Nel mondo si parlano oltre 7.000 lingue, ma quasi la metà è oggi a rischio estinzione. Dal 1950 a oggi ne sono già scomparse 244 ed entro i prossimi quarant’anni la velocità di questa perdita potrebbe triplicare.
La scomparsa di una lingua è una crisi urgente tanto quanto quella ambientale. Il meccanismo è simile: pezzi di biodiversità culturale si dissolvono per sempre, senza che sia possibile recuperarli.

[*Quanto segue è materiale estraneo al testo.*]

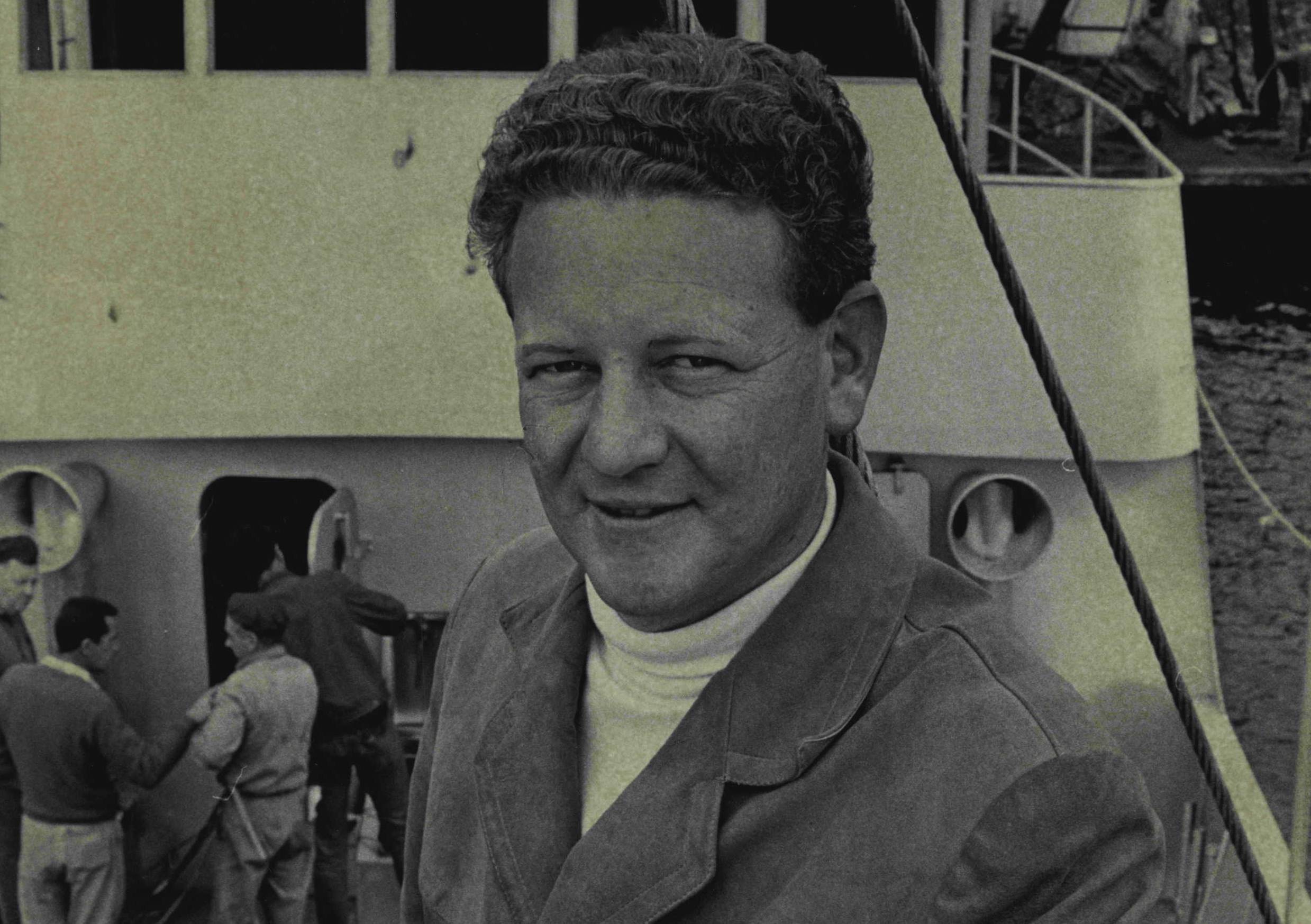 Peter Warner aboard his new fishing boat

Quando una lingua scompare
Le lingue minoritarie non sono solo insiemi di parole diverse, ma modi di vedere e descrivere il mondo. Nel corso dei secoli, molte comunità indigene hanno sviluppato termini specifici per piante e animali che la scienza occidentale ha riconosciuto solo molto tempo dopo. Quando una lingua muore, scompare anche tutto questo patrimonio di conoscenze: tecniche agricole, rimedi medici tradizionali, rituali e concetti che semplicemente non hanno un equivalente nelle lingue più diffuse.
C’è poi un legame stretto tra diritti linguistici e diritti umani. La giornalista e ricercatrice Sophia Smith Galer, che ha indagato a lungo sul fenomeno del “linguicidio” (la cancellazione deliberata di una lingua), sostiene che cancellare la lingua di un popolo significa, di fatto, colpirne l’identità e i diritti fondamentali.

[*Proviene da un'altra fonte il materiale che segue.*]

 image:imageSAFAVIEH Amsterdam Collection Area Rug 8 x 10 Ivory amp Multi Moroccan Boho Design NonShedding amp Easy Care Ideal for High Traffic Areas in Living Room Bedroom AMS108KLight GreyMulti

La mappa digitale della disuguaglianza
Oggi, alla fragilità storica di queste lingue si aggiunge una minaccia del tutto nuova: l’esclusione dal mondo digitale. Uno studio pubblicato nell’ottobre del 2025 ha analizzato più di 7.000 lingue, incrociando il numero di persone che le parlano nella vita reale con la loro effettiva presenza sul web e nelle tecnologie. I risultati ci dicono che circa un quarto delle lingue del mondo è parlato da milioni di persone, ma è totalmente assente dai dati impiegati per addestrare le intelligenze artificiali. Gli autori dello studio li hanno definiti “giganti invisibili”: lingue vive e popolate nella realtà, ma completamente escluse dall’universo digitale.

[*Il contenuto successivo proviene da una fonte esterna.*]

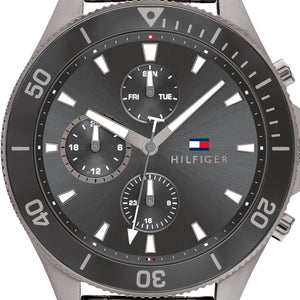 Tommy Hilfiger Larson Chronograph Grey Dial Silver Steel Strap Watch For Men - 1791918 Authentic Buy Shop Now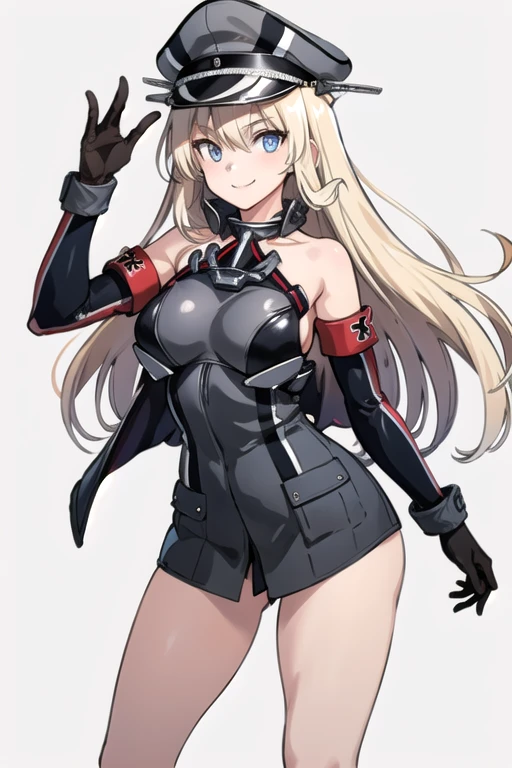 hyper extreme detailed), (masterpiece), (hyper extreme), (photorealistic), CG, (color: 1.2), beautiful lighting, front light, rating: safe, solo, bismarck, blonde hair, long hair, eyes red, black_gloves, garter_straps, zettai_ryouiki, pleated_skirt, black_skirt, stoking, high_heels, black shrite, long_sleeves, black_cape, short_dress, wearing military hat, saber gloves, looking lewd, sideboobs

L’effetto valanga dell’intelligenza artificiale
I software di intelligenza artificiale (come quelli alla base di ChatGPT) non si limitano a fotografare la realtà: la amplificano e, a volte, la deformano.
La gerarchia tra le lingue nell’IA non è un semplice errore tecnico che si può risolvere aggiungendo qualche dato in più. È un problema strutturale. I sistemi tecnologici attuali non fanno che prolungare le disuguaglianze nate in epoca coloniale, quando alcune lingue furono imposte per il governo e il commercio, mentre altre vennero messe a tacere.
Oggi, quelle stesse lingue dominanti riempiono gli archivi digitali di internet, mentre le lingue marginali restano invisibili agli algoritmi. Il risultato è un effetto valanga: più una lingua è presente nei sistemi digitali, più diventa centrale nella società; meno è presente, più viene tagliata fuori da quegli strumenti tecnologici che oggi regolano l’accesso alle informazioni, alla scuola e persino alle cure mediche.
Il tempo stringe
Moltissime comunità locali stanno lottando per salvare le proprie lingue attraverso scuole di quartiere, archivi digitali e progetti per tramandare le parole dai nonni ai nipoti. Ma la sfida è immensa e i fondi sono pochi.
Ogni volta che muore un anziano che parla una lingua minoritaria, svanisce un intero mondo di conoscenze che nessun computer ha ancora fatto in tempo a salvare. La scomparsa delle lingue ha radici storiche profonde, ma oggi viaggia veloce attraverso gli algoritmi. È qui che il danno rischia di diventare definitivo e impossibile da riparare.